Here, same GPU, P55 board with AMI BIOS.

Note: This was filmed on the first boot since i put the GPU in my rig.


----------



## Sasqui (Jan 12, 2018)

I had my Vega 64 running like a champ in an EVGA x58 board, no problems, no special settings.


----------



## newtekie1 (Jan 12, 2018)

Malik Sajid said:


> Hi, Guys! I've just bought an used Rx460 4GB but it acts very strange! the BIOS became choppy as if it's running @ <20 fps! Also windows sometimes takes ages to load and sometimes it won't boot at all (flashing black screen or stuck at windows logo) but when I managed to boot I didn't face any problems, I even have run heaven benchmark for an hour with no problems.
> 
> I've noticed that Rx series only supports uefi and I have ASUS P5Q-E which uses legacy BIOS. Is that the problem? Or I've got a faulty Card?
> 
> ...



AFAIK, almost all UEFI video cards have hybrid BIOSes so they will work with either UEFI or legacy motherboards.  If it was a UEFI only card, then it wouldn't even boot in a legacy BIOS motherboard.


----------



## HD64G (Jan 12, 2018)

Exactly as @newtekie1 said. If the problem was incompatibility with the BIOs mode, it would never even boot. Unfortunately, something bad might have happened with the mobo when the 7970 died on it.


----------



## Sasqui (Jan 12, 2018)

Filip Georgievski said:


> Here, same GPU, P55 board with AMI BIOS.
> 
> Note: This was filmed on the first boot since i put the GPU in my rig.
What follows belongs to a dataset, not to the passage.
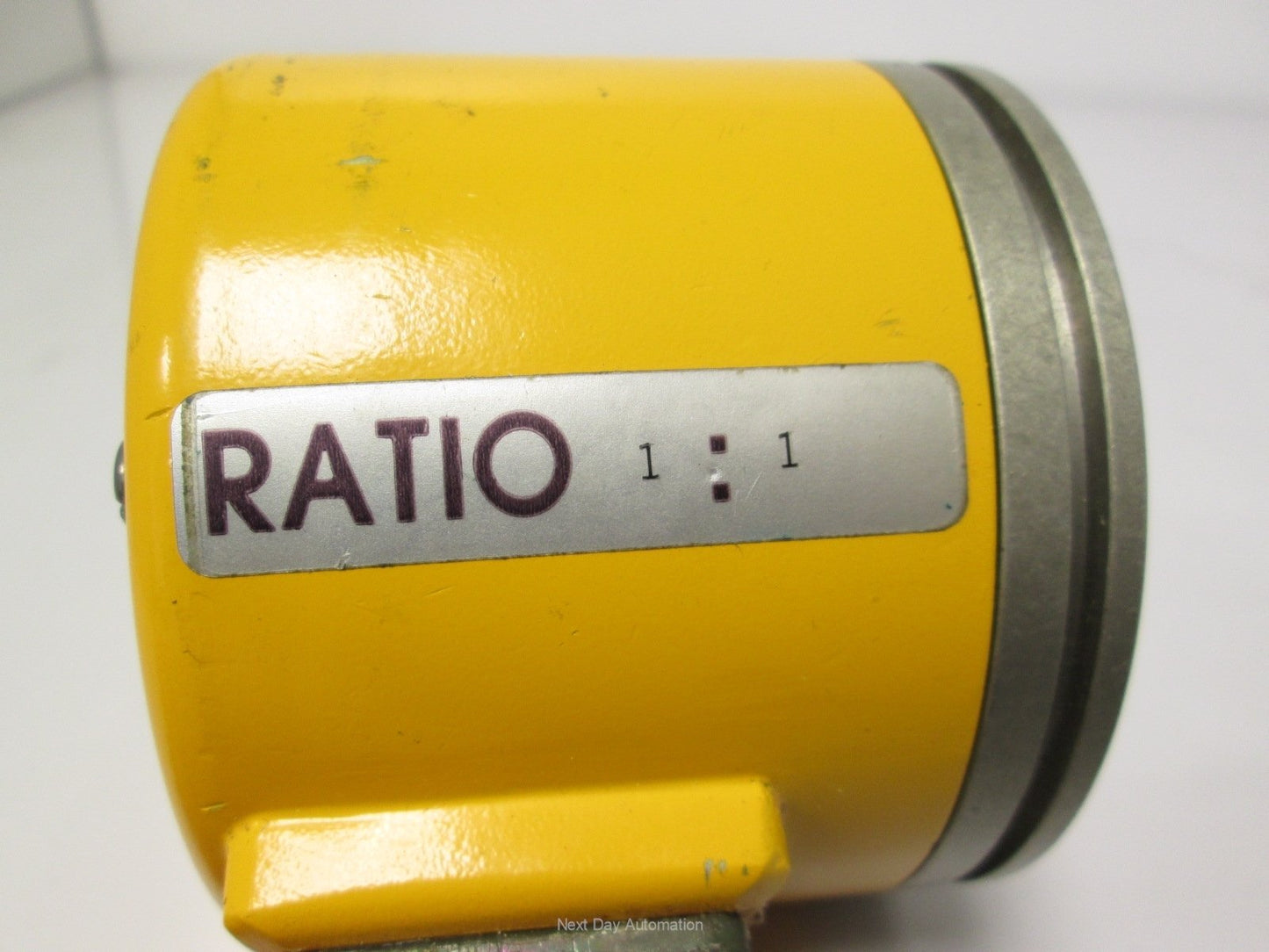 New – Open box New Micron 36-302-761-0313 Position Transducer 3/8" Shaft *Cosmetic Scratches*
OT, but is that the Samsung 26" TV/Monitor?  1920x1200 resolution?  If so I have the same screen, it's quite nice.  The power saving is non-existent for PC connections though, it never goes to sleep despite the energy saving logo on it


----------



## Tomgang (Jan 12, 2018)

I cant say about AMD cards but running a GTX 1080 TI on a X58 board that dosent have UEFI and that works great. Based on that, it more sounds to me that you have a faulty card. Just to be sure, is there any change if you try a another PCIe port?


----------



## Swamp Monster (Jan 12, 2018)

I have heard that specifically Sapphire RX cards has problems with Legacy BIOS.
Even some people from Sapphire know something isn't right.








Still, there is not very much info about this issue on the internet, because we are talking about Legacy BIOS...


----------



## Malik Sajid (Jan 12, 2018)

Sorry for the long silence and thanks guys for your concern and your helpful inputs.


Filip Georgievski said:


> Here, same GPU, P55 board with AMI BIOS.
> 
> Note: This was filmed on the first boot since i put the GPU in my rig.





Sasqui said:


> I had my Vega 64 running like a champ in an EVGA x58 board, no problems, no special settings.
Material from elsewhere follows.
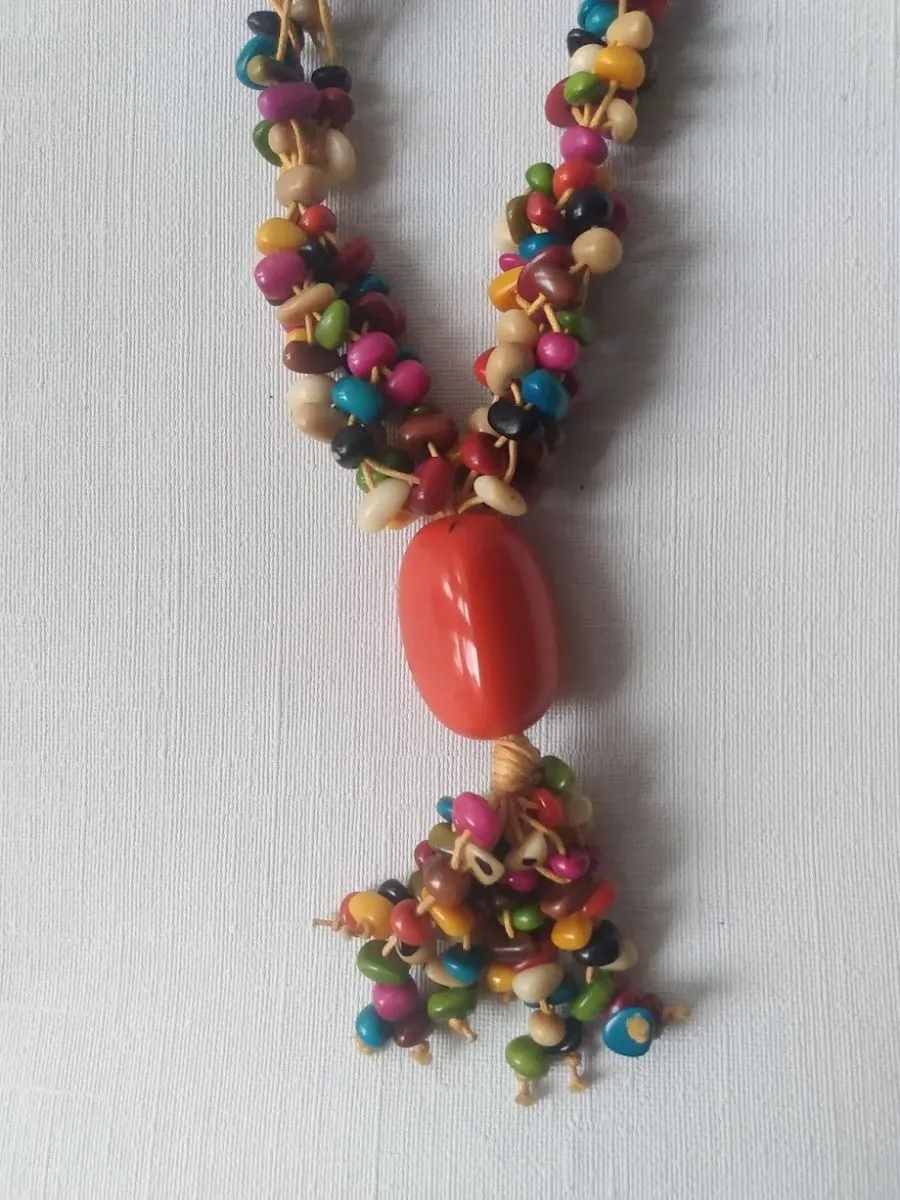 Collier ethnique coloré. Très bon état.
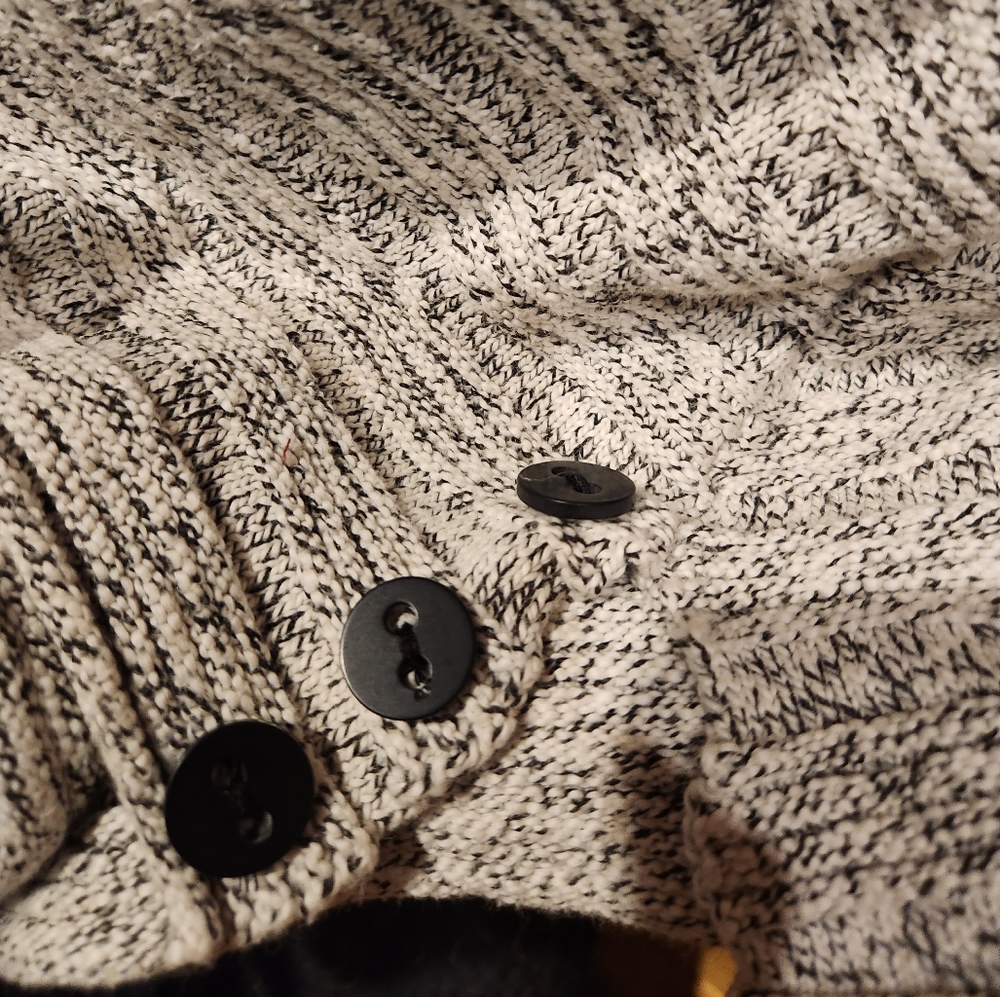 Sweatshirt - Picture 2 of 3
Both of those motherboards are newer than mine which is lga775 so maybe you got better BIOS support!


newtekie1 said:


> AFAIK, almost all UEFI video cards have hybrid BIOSes so they will work with either UEFI or legacy motherboards.  If it was a UEFI only card, then it wouldn't even boot in a legacy BIOS motherboard.


That makes sense! But maybe my specific mobo and its specific BIOS is so old and not fully support and got some bugs!


Tomgang said:


> I cant say about AMD cards but running a GTX 1080 TI on a X58 board that dosent have UEFI and that works great. Based on that, it more sounds to me that you have a faulty card. Just to be sure, *is there any change if you try a another PCIe port?*


Yeah I tried with the same results! If the 7970 damaged the primary slot, would that affect the other two slots as they get controlled all together via the southbridge? or they are  supposed to work separately?


Swamp Monster said:


> I have heard that specifically Sapphire RX cards has problems with Legacy BIOS.
> Even some people from Sapphire know something isn't right.
> 
> 
> ...


Well, that gives some hope! I'm afraid that I got a faulty mobo as I can't afford upgrading the whole platform ATM but I'm going to try another gpu tomorrow and I will tell you what happened but I'm sure it's something related to the BIOS as after I managed to boot successfully it's running normal, Heaven has been running for a couple of hours with no problems!


----------



## Filip Georgievski (Jan 13, 2018)

I dont have video proof, but i tested the RX 460 i had on a P45 C51 as well and also it worked as expected.
You need to update the bios on that board.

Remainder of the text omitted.